Yuba City, population 65,000, is the biggest city evacuated. The city has the largest dried-fruit processing plant in the world and one of the largest populations of Sikhs outside of India.
Oroville Dam is an earthfill embankment dam on the Feather River east of the city of Oroville, California in the United States. At 770 feet (230 m) high, it is the tallest dam in the U.S. and serves mainly for water supply, hydroelectricity generation and flood control.
Snapshot of traffic problems around 8:25 pm:
The California Department of Water Resources issued a sudden evacuation order shortly before 5 p.m. Sunday for residents near the Oroville Dam in northern California, warning that the dam’s emergency spillway would fail in the next 60 minutes.
The Oroville Dam is the highest in the nation.
An emergency alert issued on Facebook stated:
EMERGENCY EVACUATION ORDER ISSUED: Officials are anticipating a failure of the Auxiliary Spillway at Oroville Dam within the next 60 minutes. Residents of Oroville should evacuate in a northward direction, toward Chico. Other cities should follow the orders of their local law enforcement.
The emergency spillway, which is unpaved, was activated on Saturday morning to relieve the flow down the dam’s normal spillway, where a major hole appeared in recent days and began to widen. The height of the lake, once drained by drought and now swollen by recent rains and snow melt, had reached 901 feet above sea level when the emergency spillway was opened.
The dam impounds the 2nd largest man-made lake in California.
Officials feared a failure of the emergency spillway could cause huge amounts of water to flow into the Feather River, which runs through downtown Oroville, and other waterways. The result could be flooding and levee failures for miles south of the dam, depending on how much water is released.
The videos also showed lines of cars getting out out of downtown Oroville. An evacuation center was set up at the Silver Dollar Fairgrounds in Chico.
Diminished by years of drought conditions, the reservoir had become a symbol of the state’s worsening water crisis. But an unusually wet winter took the lake from nearly full to overflowing in less than a week.
At the same time, the nearly mile-long concrete spillway that the dam’s managers rely on to release excess water began to crumble, with erosion worsening as millions of gallons of water poured over it.
It continued to rain. Realizing the lake might rise to a level that would trigger the use of an emergency spillway, state workers began clearing the area of trees and brush that could be sent hurtling downstream.
On Saturday morning, water began washing over the dam’s emergency spillway for the first time since it was completed in 1968. Photographs showed a torrent of water rushing downhill to join the Feather River.
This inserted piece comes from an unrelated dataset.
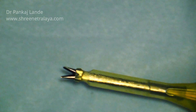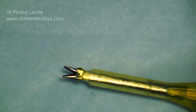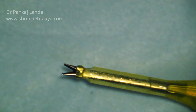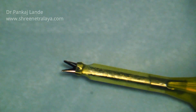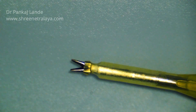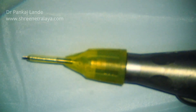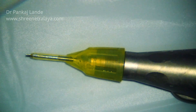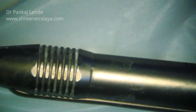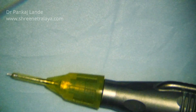Vacuum is not needed while performing pre-chopping with this tip, and because of this the aspiration rate has to be in the range where you can maintain your anterior chamber comfortably without having too much increase in your IOP. So it can be kept around 20 to 40, and with a vacuum of 0 — or some machines don't allow a 0 vacuum, so you can keep the setting to 5.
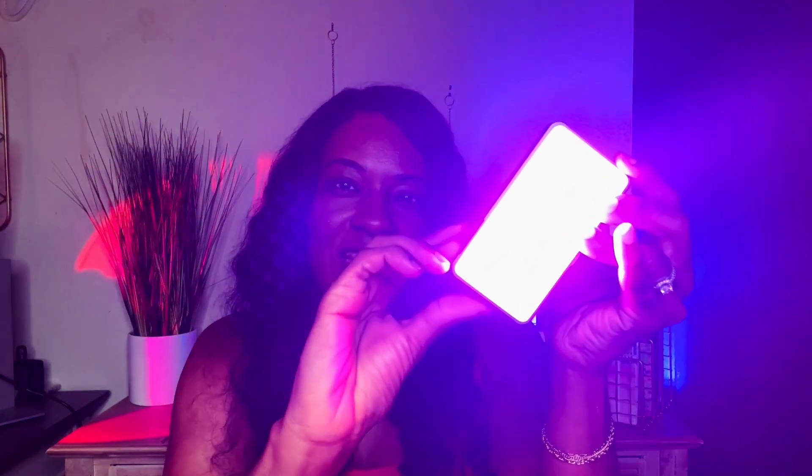I do think for its size it's pretty bright, especially for the white lights. I feel like the white lights do get a little bit better than the RGB lights here, but still, they have always gotten the job done for me.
… Officials emphasized that while erosion had carved a massive hole in the main spillway, the dam itself is structurally sound.
… residents of Oroville, a town of 16,000 people, should head north toward Chico and that other cities should follow orders from their local law enforcement agencies.
The emergency spillway partial failure was caused by just too much rain over too short a time, not by… Godzilla!